Купленные в разных местах гурты баранов сгонялись главным образом к Общему Сырту — на речки Чуган, Деркул и Ембулатовку; это с форпоста Сорочика[173][174]. Тут за прогон скота по степи никому ничего не платили. Зато нередко бывали случаи, когда казаки или башкиры нападали на приказчиков и рабочих при гуртах, били их нагайками и силою вымогали дань за то будто бы, что при прогоне скота испорчены луга, которых казаки никогда не косили. Если рабочие останавливали стада для пастьбы по хребтам гор, то казаки и башкиры на то не сетовали. Одному приказчику давалось обыкновенно два гурта, каждый по 900 баранов, и при них 6 человек рабочих: два передовых или гуртоправов и четверо так называемых задних; был еще кашевар. Давалось им три повозки с тремя упряжными лошадьми для клади и провизии, да сверх того 4-я лошадь — верховая. Бывало, ранним утром, когда солнце только что обогреет степи, баранов поднимут и погонят со стану. Гуртовой, идя впереди баранов, помаленьку начинает разгонять их, чтобы они шли реже, не скучиваясь; задние рабочие подгоняют отставших от гурта, но делают это осторожно, с известной сноровкой, чтобы не испугать весь гурт, который расходится иногда, особенно по хорошей траве, в ширину более полверсты. При этом гуртоправ старался приучить баранов идти рядами, стройно, в порядке. Опытные гуртоправы весьма скоро достигали того, что бараны слушали их, как солдаты своих командиров. В течение дня несколько раз давался скоту отдых. В это время гуртоправ быстро осматривал баранов, отыскивая, нет ли между ними больных; если таковой находился, его тотчас отделяли от гурта, чтобы другие не заразились, и лечили. Пастбища выбирались, понятно, с хорошей, сочной травой.
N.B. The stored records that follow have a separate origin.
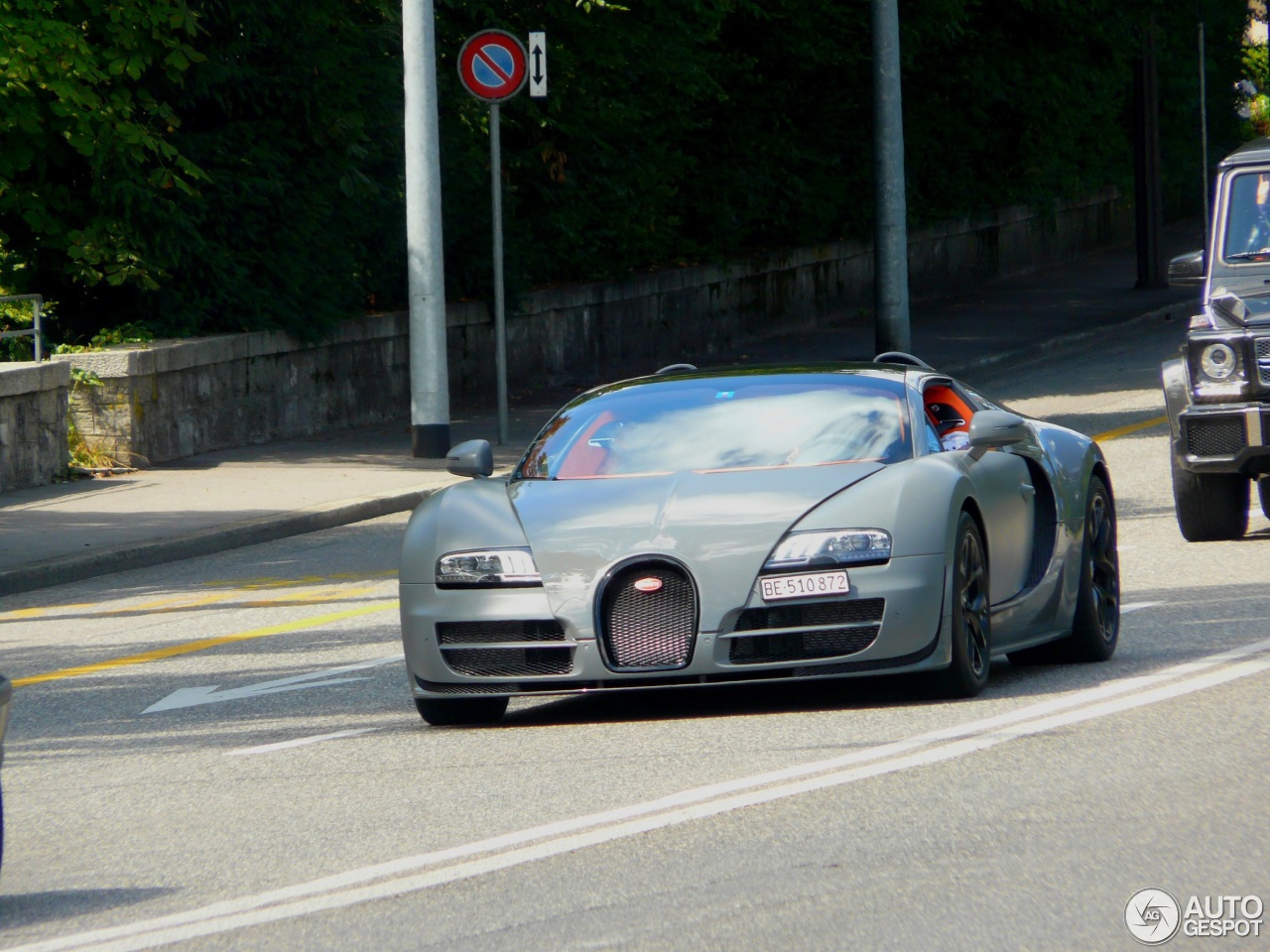 Bugatti Veyron 16.4 Grand Sport Vitesse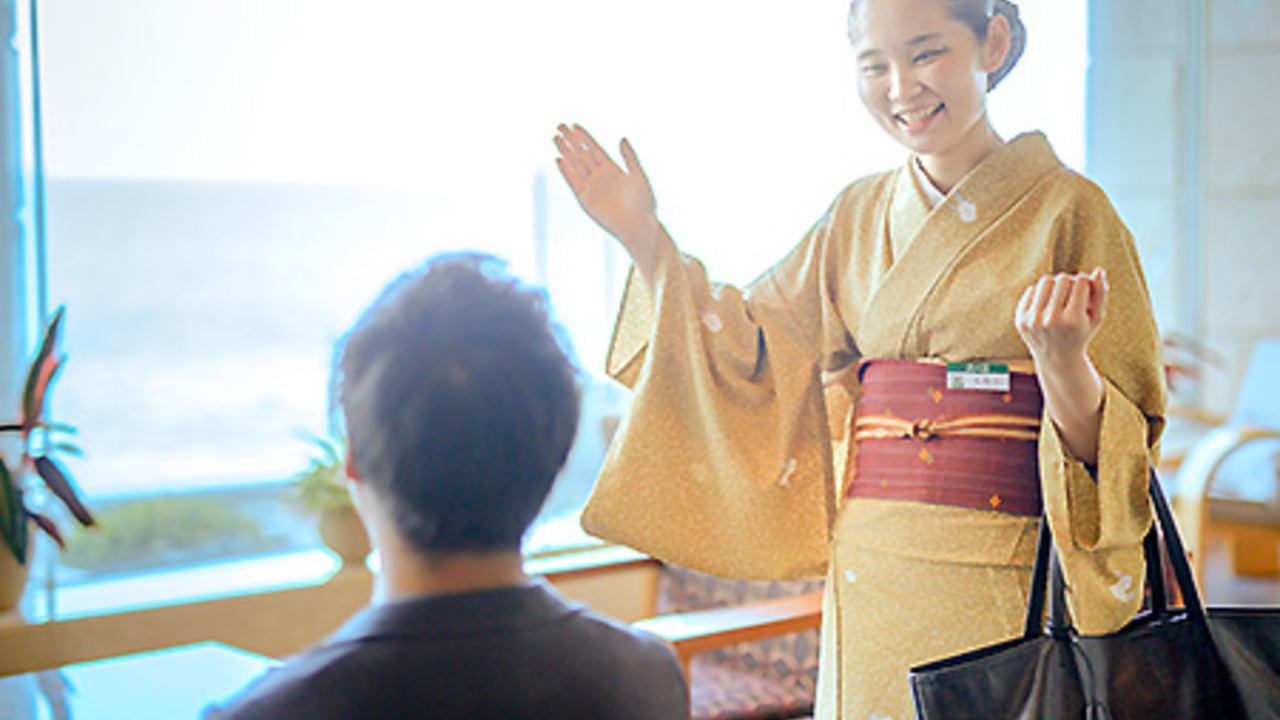 食べるお宿浜の湯|仲居の求人画像1枚目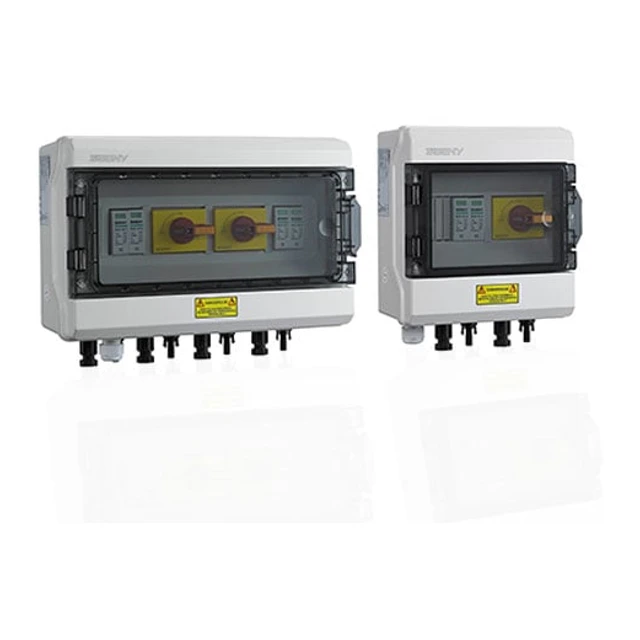 BENY 600 V DC combiner boxes — representative product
Вообще, в продолжение всего пути приказчик, гуртоправ и рабочие заботились всеми мерами о хорошем продовольствии скота, чтобы бараны были жирные, шерсть на них чистая и мягкая. Вечером, с закатом солнца, гурты останавливались на ночлег; для этого место избиралось такое, чтобы и пастбище было тучное, и водопой обильный. В этих именно видах заблаговременно нанимались некоторые степи, с платою по уговору. Так шло дело до города Бугуруслана, куда приходили гурты никак не позднее второй половины июля месяца. Здесь стригли с баранов шерсть и отправляли ее в Выездную слободу. От Бугуруслана гурты прогонялись или на Симбирск, или к Бугульме и Казани.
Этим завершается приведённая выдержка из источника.